In an interview with the Guardian published on July 19, “after the first revelations from the Pegasus Project,” Snowden described for-profit malware developers as “an industry that should not exist… If you don’t do anything to stop the sale of this technology, it’s not just going to be 50,000 targets. It’s going to be 50 million targets, and it’s going to happen much more quickly than any of us expect.” He called for an immediate global ban on the international spyware trade.
Snowden’s answer of banning the sale of such spyware is not enough. We need instead to look at deweaponizing all of cyberspace, including spyware. The spate of recent cyberattacks—estimated to be tens of thousands a day—is a risk to the cyberinfrastructure of all countries on which all their institutions depend. After the leak of NSA and CIA cyberweapons, and now with NSO’s indiscriminate use of Pegasus, we should be asking whether nation-states can really be trusted to develop such weapons.
In 2017, Brad Smith, the president of Microsoft and no peacenik or leftist, wrote, “Repeatedly, exploits in the hands of governments have leaked into the public domain and caused widespread damage.” It is this concern that certain leading companies within the industry—Microsoft, Deutsche Telekom and others—had raised in 2017, calling for a new digital Geneva Convention banning cyberweapons. Russia and China have also made similar demands in the past. It was rejected by the United States, who believed that it had a military advantage in cyberspace, which is something it should not squander.

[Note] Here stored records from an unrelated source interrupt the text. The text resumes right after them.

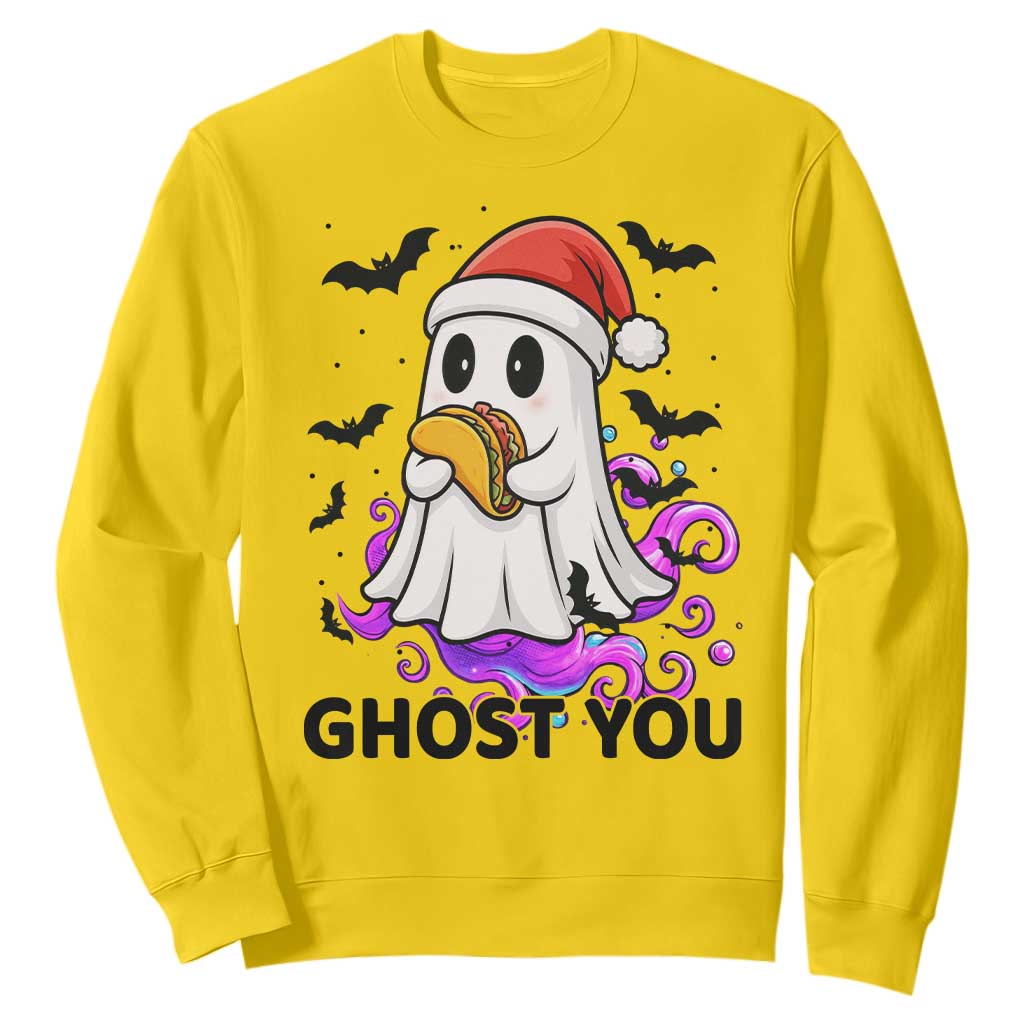 Funny Ghost Halloween Christmas Sweatshirt Ghost You TS14 Daisy Print Your Wear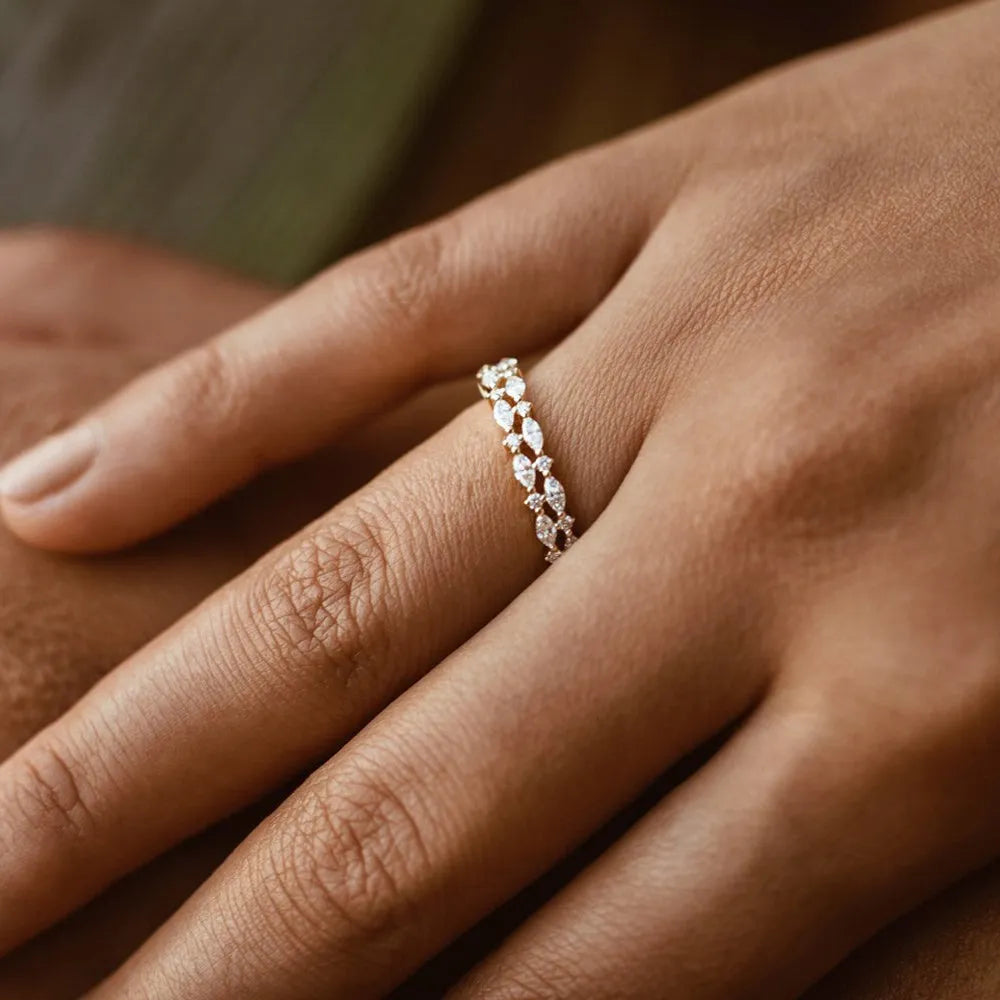 14k Gold Diamond Marquise and Round Double Row Alternating Shared Prong Ring 0.55 Carat
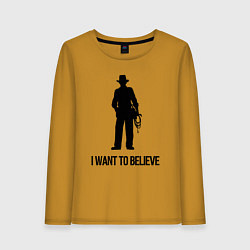 Лонгслив хлопковый женский Индиана джонс, цвет: горчичный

Pegasus is one more reminder of the danger of nation-states developing cyberweapons. Though here, it is not a leak but deliberate use of a dangerous technology for private profit that poses a risk to journalists, activists, opposition parties and finally to democracy. It is a matter of time before the smartphones that we carry become attack vectors for attacks on the very cyberinfrastructure on which we all depend.
Prabir Purkayastha is the founding editor of Newsclick.in, a digital media platform. He is an activist for science and the free software movement.